A new era in the provision of health care locally has been unveiled with the appointment of the first tranche of Physician Associates (PAs) to Health Trusts across Northern Ireland.
Richard Pengelly, the Permanent Secretary at the Department of Health, described the introduction of Physician Associates as “another example of how transformation of health and social care is moving forward on a number of key fronts”.
He added: “In recent days alone, we have had announcements on stroke care reform, breast assessment services, day surgery centres and weight loss surgery.”
PAs work under the delegated authority of a doctor undertaking tasks including medical examinations, analysing test results, and making diagnoses.
Although the students represent a first for Northern Ireland the profession is a developing one within the health sector in the UK and is already firmly established worldwide.
Mr Pengelly continued: “Health and social care services across many countries are facing growing workforce challenges, with demand for care constantly increasing. Innovation and investment in staffing represent an important part of our transformation agenda.
“I very much welcome the new Physician Associates and wish them well in these new roles.”
Chief Medical Officer Dr Michael McBride added: “The role of the Physician Associate can be central to meeting the increasing demands on our service. The generalist skills bring great flexibility to the clinical setting and are unique to the role and it is this versatility that will enable involvement in Emergency Medicine, Mental Health, Care of the Elderly and many more of our pressurised services.”
Professor Paddy Nixon, Vice-Chancellor and President, Ulster University said: “Ulster University is playing a vital role in this time of transformation for the health service in Northern Ireland, through the delivery of innovative, high quality programmes like our Physician Associate Postgraduate Diploma.

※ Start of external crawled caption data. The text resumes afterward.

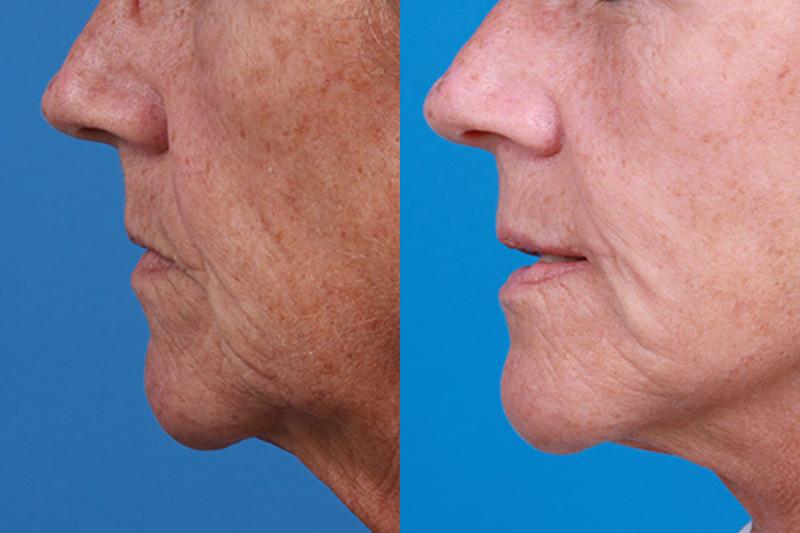 Lip Lift Before & After Gallery - Patient 337009 - Image 5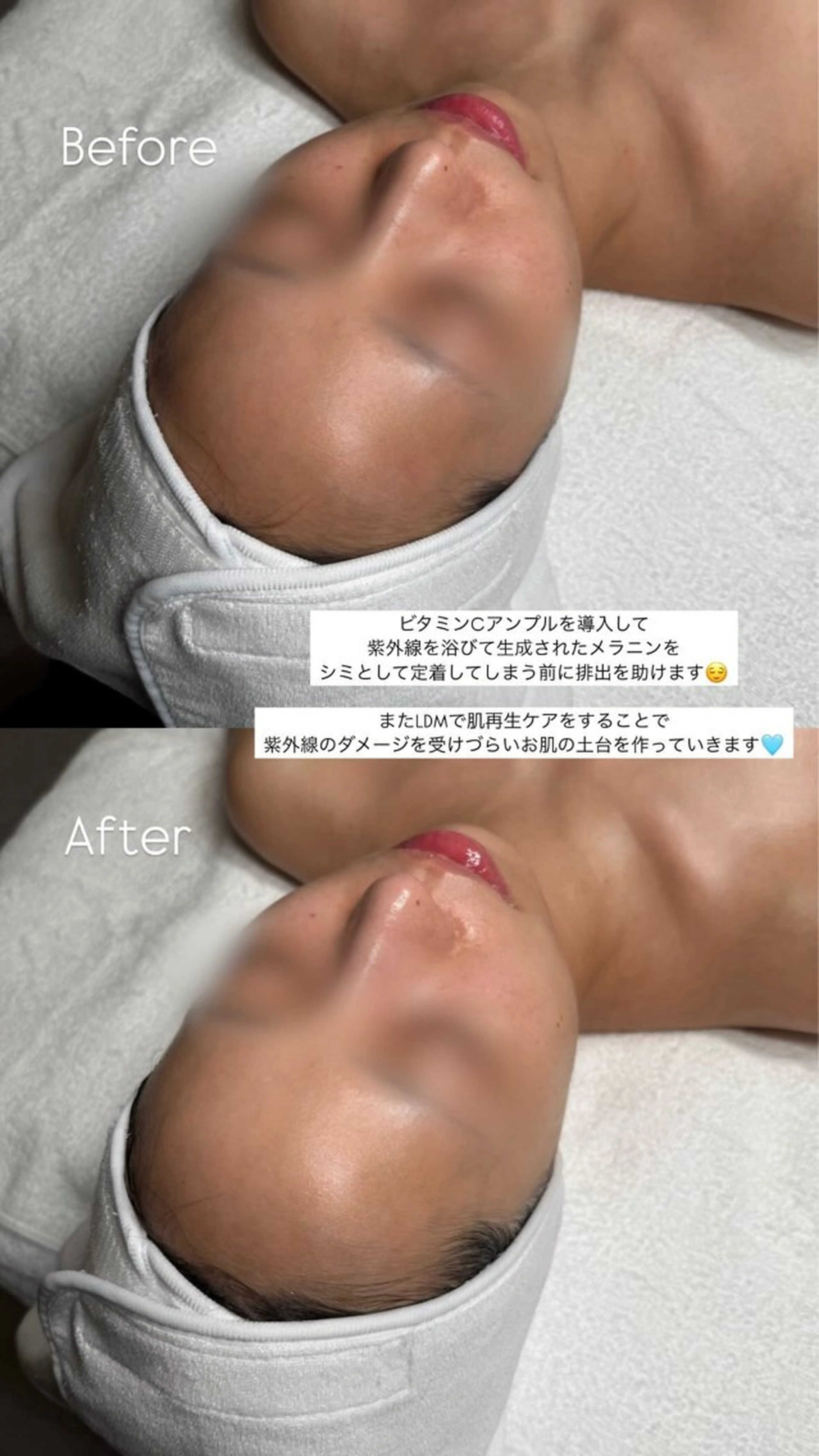 韓国肌管理🫧LDM 🫧Junnaのエステ・リラクイメージ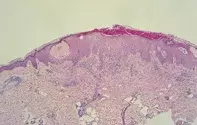 Fig 2. Serum and inflammation Fig 2. Serum and inflammation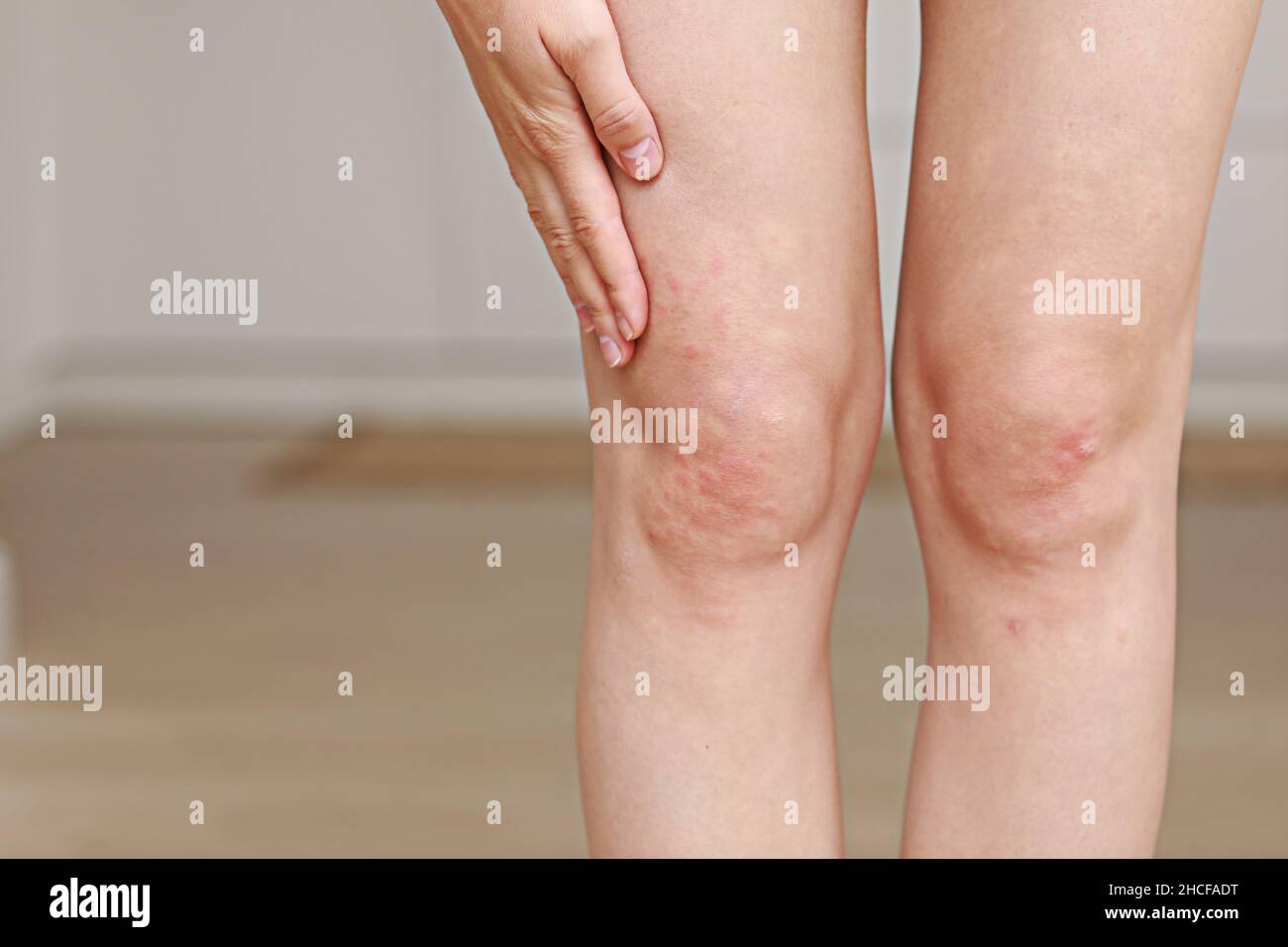 allergies cutanées, jambes peau femmes.Gros plan de pustules ...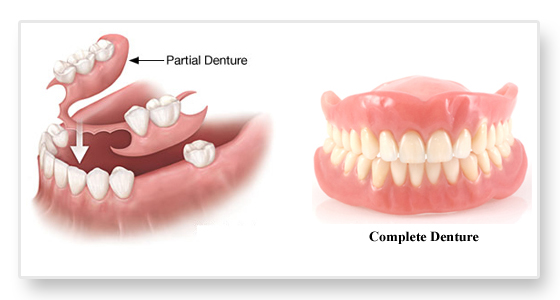 Dentures Dentures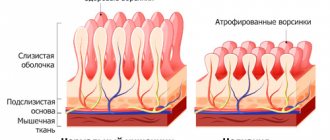 structure of the walls of healthy and diseased intestines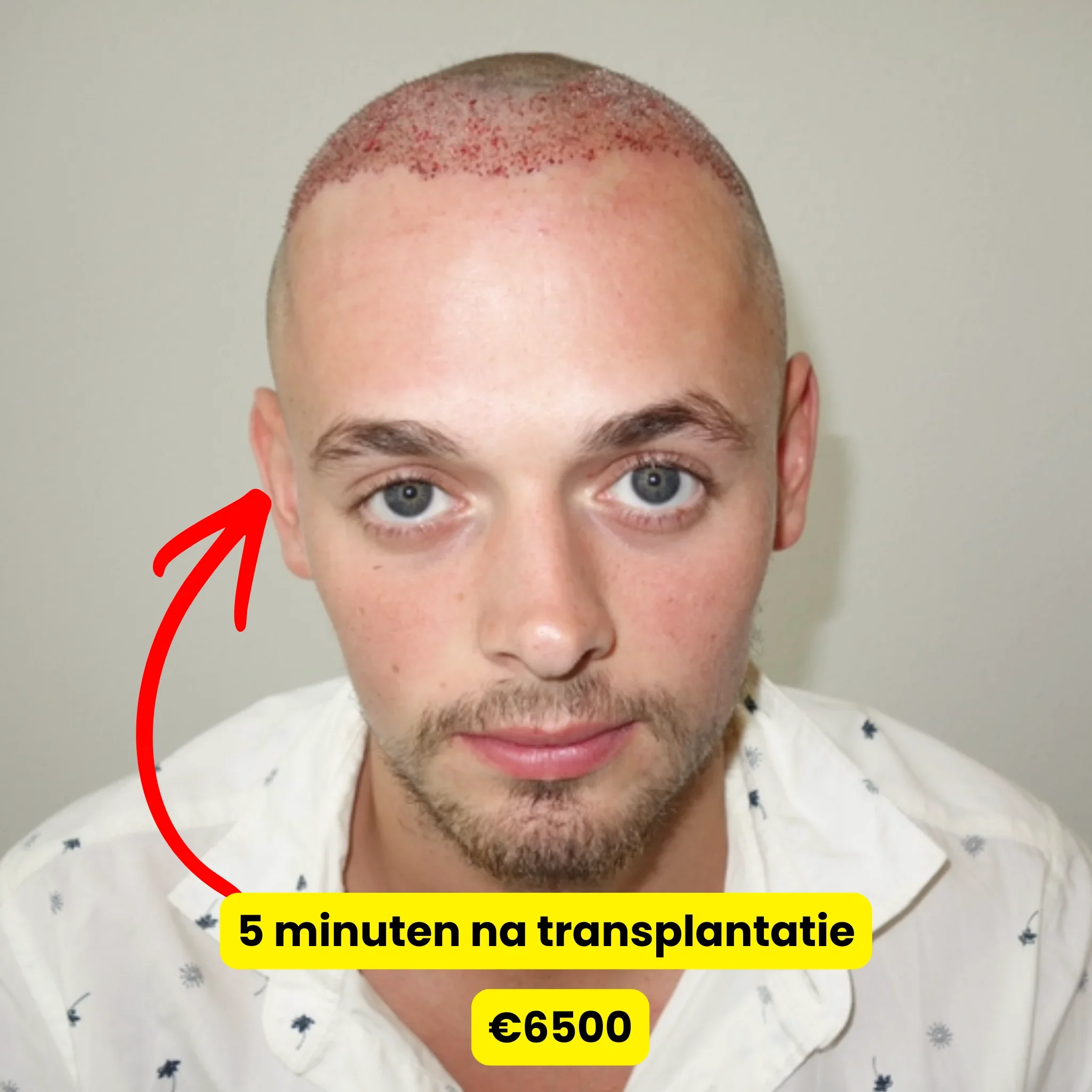 Direct na de haartransplantatie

The course is a tangible example of the value of partnership working between the University, the Department, the HSC Trusts and GPs, collaborating to strengthen the workforce and enhance patient outcomes. Today is an important milestone, not only for these graduates and the healthcare system, but also for the patients, right across the region who will benefit from their skills and professionalism.”
Notes to editors:
1. Entrants to the course must previously have a life science or health-related degree. The Department of Health has supported this programme as a way of generating a local supply of PAs who it is expected will build capacity; expand the skills mix; redistribute physician workload; expand mid-level staffing; help meet demand for increased quality of care; and enhance stability and continuity of care.
2. The Department has subsequently undertaken to commission up to 20 places for PA students from UU on an annual basis over an initial three year period. DoH pay tuition fees, currently £9,545 p/a per student over a two-year course, and provide funding to HSC Trusts and to General Practitioners to facilitate clinical placements in accordance with curriculum requirements.